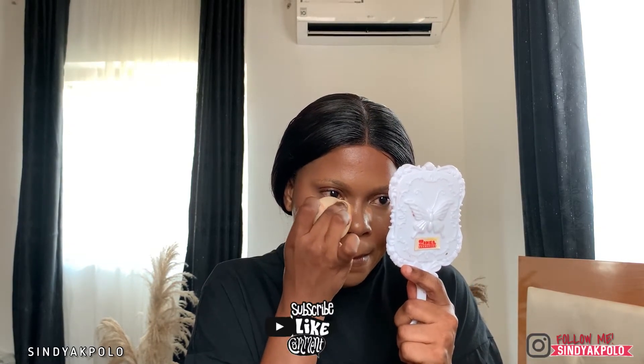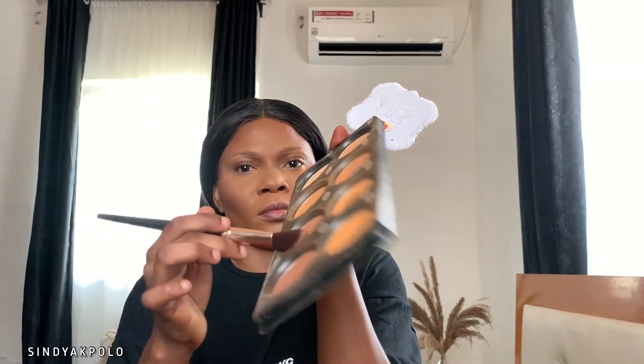Next I'm going to go in with another concealer from L'Oreal Paris to highlight — if you've been watching my tutorials, you know I love using two concealers to highlight. I'm going to go in with the Fenty Beauty powder. While I was blending, my phone had stopped recording so I had to go back and reapply the powder. I'm going to go in with the Little Girl palette powder to apply my contour, and also my blush from Milani — I love this blush so much. I'm going to apply the powder blush over the cream blush we just applied.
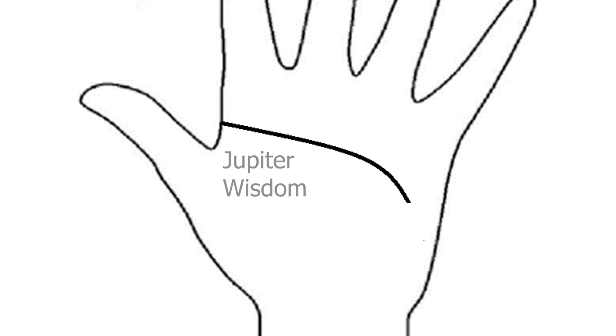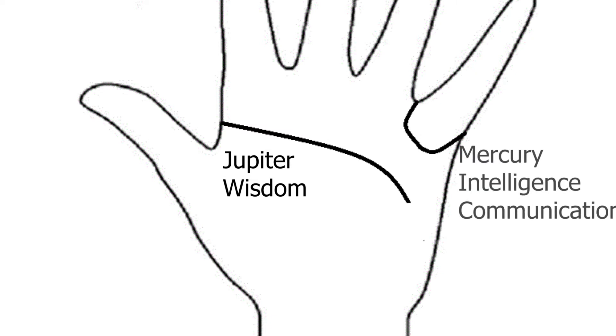A little bit of Palmistry theory here. The headline is ruled by Jupiter, and Jupiter is all about wisdom. And the Mercury area — well, that governs two things. It governs intelligence, but this is more like street smart intelligence. And it also governs communication. So if you think of it this way, in order to write a book, you need your own wisdom, but you also need to have the street smarts to know how to communicate that to other people.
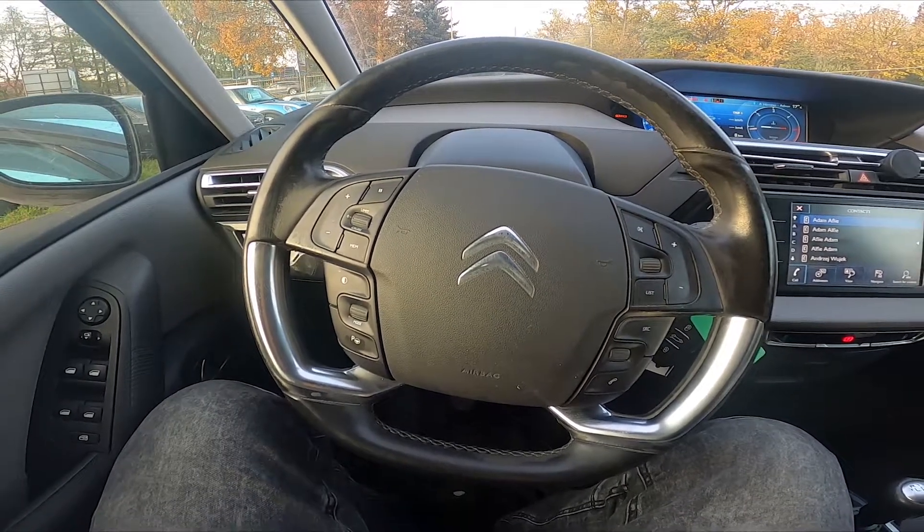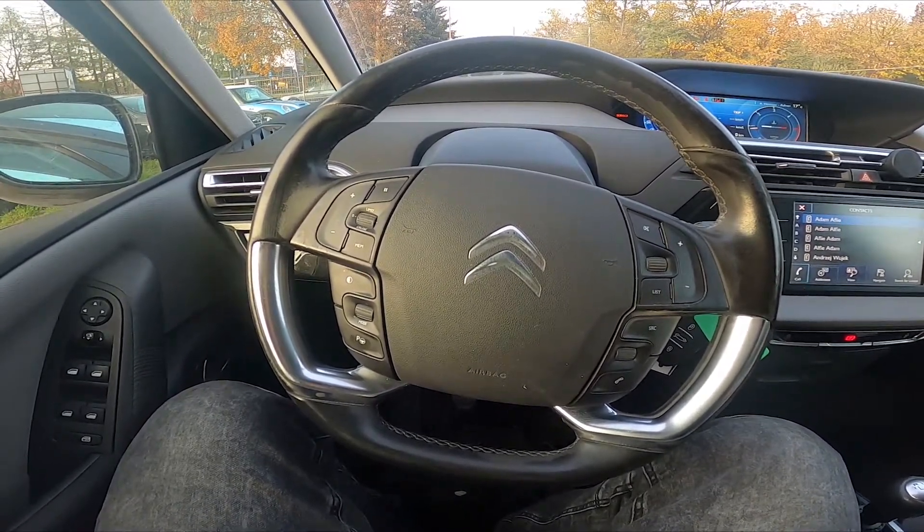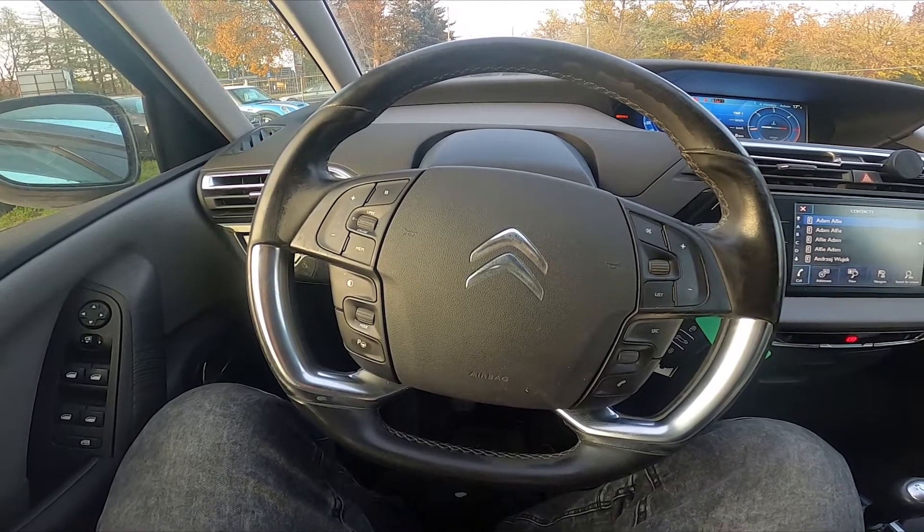Hello, today I'm in Citroen C4. In this video I'll show you how to dial a number.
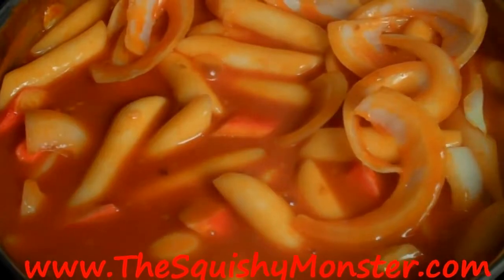And like always, all the measurements, ingredients, and cooking times can be found on my blog, www.TheSquishyMonster.com.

What to work on: Retype each line of the listing above word for word. Exclude the pictures.

Task result:
Next I'm going to go in with another concealer from L'Oreal Paris to highlight — if you've been watching my tutorials, you know I love using two concealers to highlight. I'm going to go in with the Fenty Beauty powder. While I was blending, my phone had stopped recording so I had to go back and reapply the powder. I'm going to go in with the Little Girl palette powder to apply my contour, and also my blush from Milani — I love this blush so much. I'm going to apply the powder blush over the cream blush we just applied.
A little bit of Palmistry theory here. The headline is ruled by Jupiter, and Jupiter is all about wisdom. And the Mercury area — well, that governs two things. It governs intelligence, but this is more like street smart intelligence. And it also governs communication. So if you think of it this way, in order to write a book, you need your own wisdom, but you also need to have the street smarts to know how to communicate that to other people.
Hello, today I'm in Citroen C4. In this video I'll show you how to dial a number.
And like always, all the measurements, ingredients, and cooking times can be found on my blog, www.TheSquishyMonster.com.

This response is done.